Researchers around the world are using additional resources and better technology to learn more about the planets in Earth's solar system.  U.S. scientists already believe that it is possible that up to half of the Martian surface is covered by ice, varying drastically in depth.  This time, NASA scientists found evidence that Mercury may have a molten core.

The NASA Mariner 10 spacecraft discovered a small magnetic field on Mercury, something that piqued scientists' curiosity.  The most logical reason explanation for the magnetic field, according to scientists, is a molten interior on Mercury.

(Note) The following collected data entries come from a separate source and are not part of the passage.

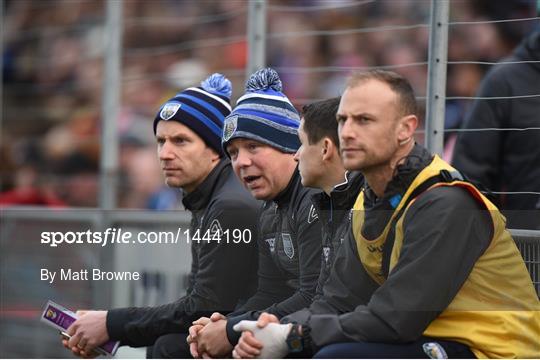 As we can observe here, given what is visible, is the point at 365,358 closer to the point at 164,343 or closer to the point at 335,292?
the point at 335,292

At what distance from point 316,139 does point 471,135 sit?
1700mm

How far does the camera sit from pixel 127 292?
8.52 meters

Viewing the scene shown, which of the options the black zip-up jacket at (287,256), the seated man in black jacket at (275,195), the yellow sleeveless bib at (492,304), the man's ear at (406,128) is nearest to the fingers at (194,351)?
the seated man in black jacket at (275,195)

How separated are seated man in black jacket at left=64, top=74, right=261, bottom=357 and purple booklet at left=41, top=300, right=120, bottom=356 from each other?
29 millimetres

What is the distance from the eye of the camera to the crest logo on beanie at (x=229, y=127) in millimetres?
5703

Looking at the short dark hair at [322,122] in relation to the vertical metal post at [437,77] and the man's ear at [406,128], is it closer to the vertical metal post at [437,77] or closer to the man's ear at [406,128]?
the man's ear at [406,128]

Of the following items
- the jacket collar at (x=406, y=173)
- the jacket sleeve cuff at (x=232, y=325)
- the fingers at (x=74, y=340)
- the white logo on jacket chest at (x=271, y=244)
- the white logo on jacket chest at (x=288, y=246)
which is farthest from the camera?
the fingers at (x=74, y=340)

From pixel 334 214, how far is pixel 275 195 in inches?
18.9

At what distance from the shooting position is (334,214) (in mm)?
5191

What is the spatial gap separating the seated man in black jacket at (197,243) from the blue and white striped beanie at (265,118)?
0.30 m

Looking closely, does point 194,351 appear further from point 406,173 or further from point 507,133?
point 507,133

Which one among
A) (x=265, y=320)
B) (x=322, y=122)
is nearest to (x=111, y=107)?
(x=322, y=122)

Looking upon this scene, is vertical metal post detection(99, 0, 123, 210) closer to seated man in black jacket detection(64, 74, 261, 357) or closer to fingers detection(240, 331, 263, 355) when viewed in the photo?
seated man in black jacket detection(64, 74, 261, 357)

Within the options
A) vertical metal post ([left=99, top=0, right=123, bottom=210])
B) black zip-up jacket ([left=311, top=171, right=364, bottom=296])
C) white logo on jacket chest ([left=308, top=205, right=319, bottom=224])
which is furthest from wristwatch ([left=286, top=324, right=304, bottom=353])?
vertical metal post ([left=99, top=0, right=123, bottom=210]) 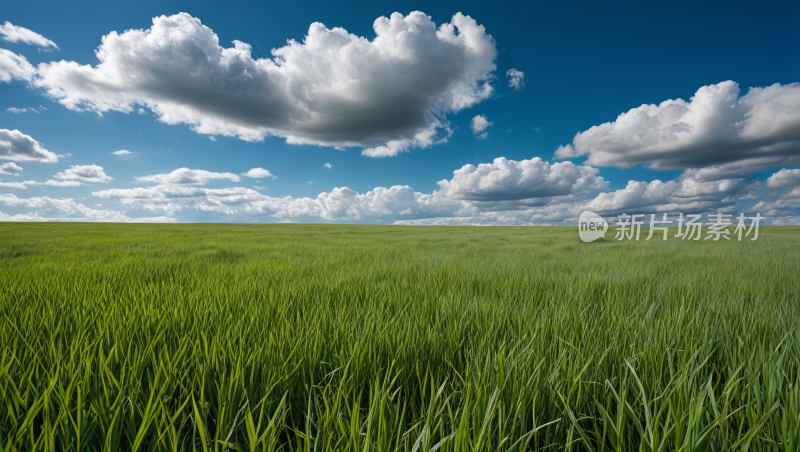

Researchers then used the same popular technique that cooks use to check if an egg is raw or hard-boiled -- spin it -- to provide further evidence of Mercury's molten core.  Using powerful telescopes in California, West Virginia and Puerto Rico, researchers closely monitored the movements of the planet.

Led by Cornell University's Jean-Luc Margot, the researchers studied little twists and disruptions that Mercury's spin suffers while orbiting the sun.  The twists that interfere with Mercury's spin, called longitudinal librations, usually occur when the sun's gravity causes alternating torques on the planet.  The magnitude of the librations during the observations was double what would be expected from a completely solid planet.  This is further evidence that leads scientists to believe that Mercury has a molten core.

Mercury is the planet closest to the sun, and one year on the planet is the equivalent of 88 Earth days. The Mercury spacecraft is expected to reach Mercury sometime next year.